I grabbed the proper release of the last release


----------



## FAST6191 (May 18, 2010)

Good to see a scene release.

@others what Joe88 speaks of was nothing major (once you have the ISO it should be fine)- just properly packed and compressed rar files.


----------



## Fusion (May 18, 2010)

Does System Link work?

Theres lots of problems with people getting System Link to find each other, it only allows you into your own free roam but never together.

I have also tried with the same problem on both a JTAG 8955 fw x360 & a 9199 fw x360 with no good news at all


----------



## djmix56 (May 18, 2010)

Fusion said:
			
		

> Does System Link work?
> 
> Theres lots of problems with people getting System Link to find each other, it only allows you into your own free roam but never together.
> 
> I have also tried with the same problem on both a JTAG 8955 fw x360 & a 9199 fw x360 with no good news at all



I've been looking around for a solution to this myself because I am having the same exact problem. Anyone have any ideas on this issue?


----------



## VashTS (May 19, 2010)

this game is cool but its a gta clone. its actually like a siamese twin.  not saying thats a bad thing, but its a little to similar for my comfort.  very good gameplay and so far its a good story.  anyone get to the end yet?


----------



## djmix56 (May 19, 2010)

VashTS said:
			
		

> this game is cool but its a gta clone. its actually like a siamese twin.  not saying thats a bad thing, but its a little to similar for my comfort.  very good gameplay and so far its a good story.  anyone get to the end yet?



Similar in some things yes... but those things worked from GTA 4 so why fix what isn't broken?  
	

	
	
		
		

		
		
	


	



Besides, this games in a genre of it's own and I've been waiting for the perfect western game for years.  

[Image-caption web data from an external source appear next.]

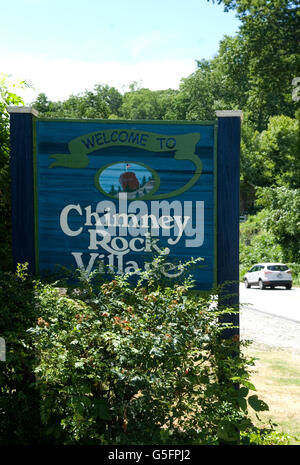 Welcome to Chimney Rock Village sign North Carolina USA Stock Photo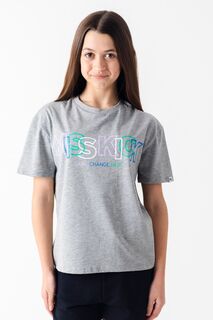 Серая футболка Jess для девочек с принтом Miss Kick, серый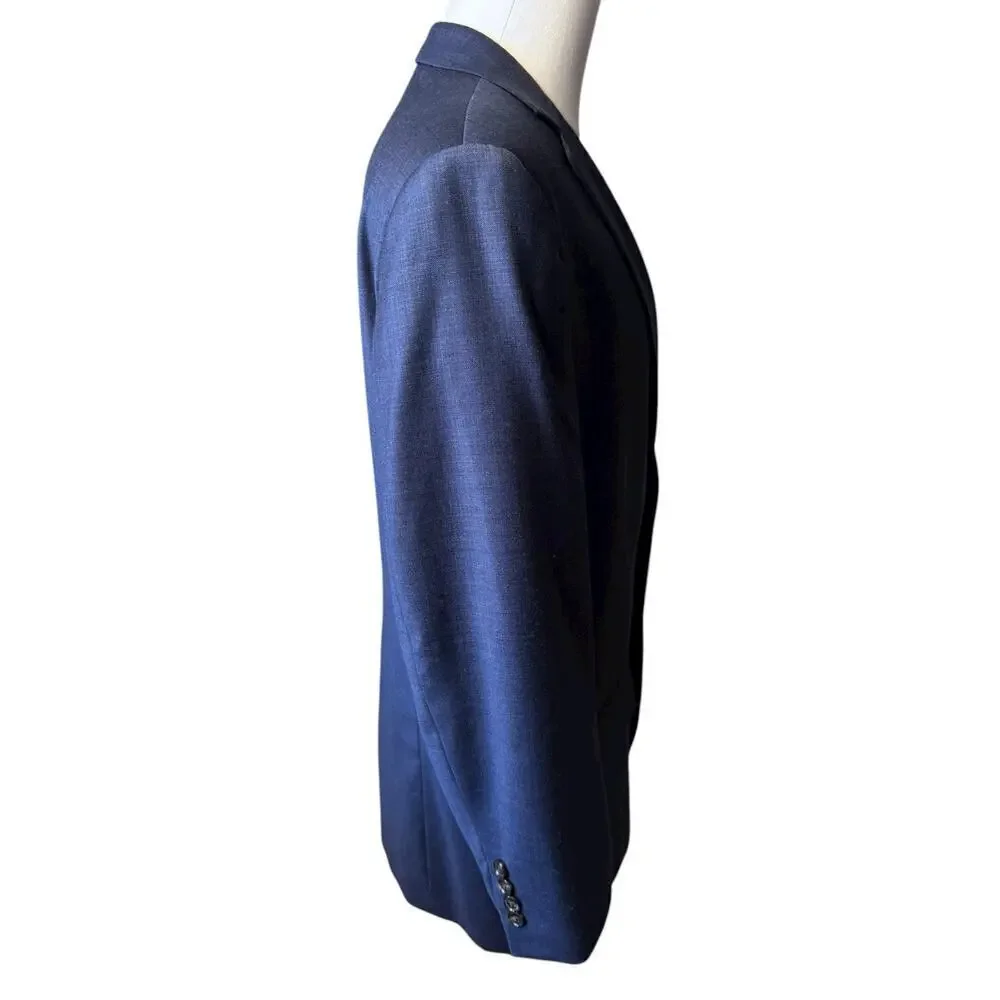 Ralph Lauren Men’s 43R Wool Navy Blue Muted Plaid Two Button Sport Coat Blazer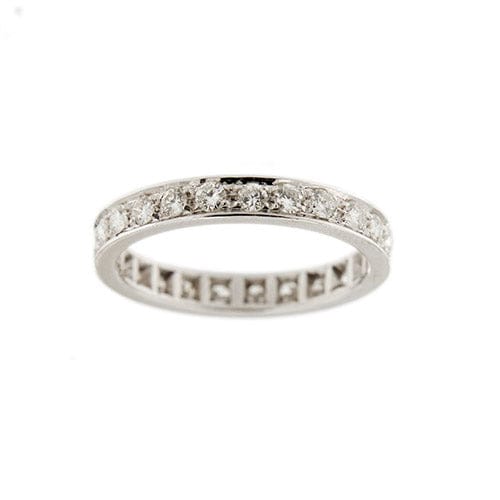 Bague 53 Alliance éternité - Bague en or blanc 18 carats et diamants 1,20 ct 58 Facettes 37862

And yes, to answer your question, I have beaten it already. It took me like 20 hours or so to beat it I believe but it was definitely worth every hour.
I would have to say it has a rather good story overall and I really enjoyed the gameplay too. I especially liked the ending, which had a nice twist. But some people might not like it. Probably the best story/character driven game I've played since Mass Effect 2. The only thing I haven't done yet is the multipayer. Going to try that tomorrow & see how that goes. 
	

	
	
		
		

		
		
	


	




And to anyone else who doesn't already know... Rockstar fixed the system link issues with a title update earlier. So now it works...for me at least.


----------



## VashTS (May 20, 2010)

pm me a synopsis if you don't mind i like to know the story, including ending before i watch/play a movie/game


----------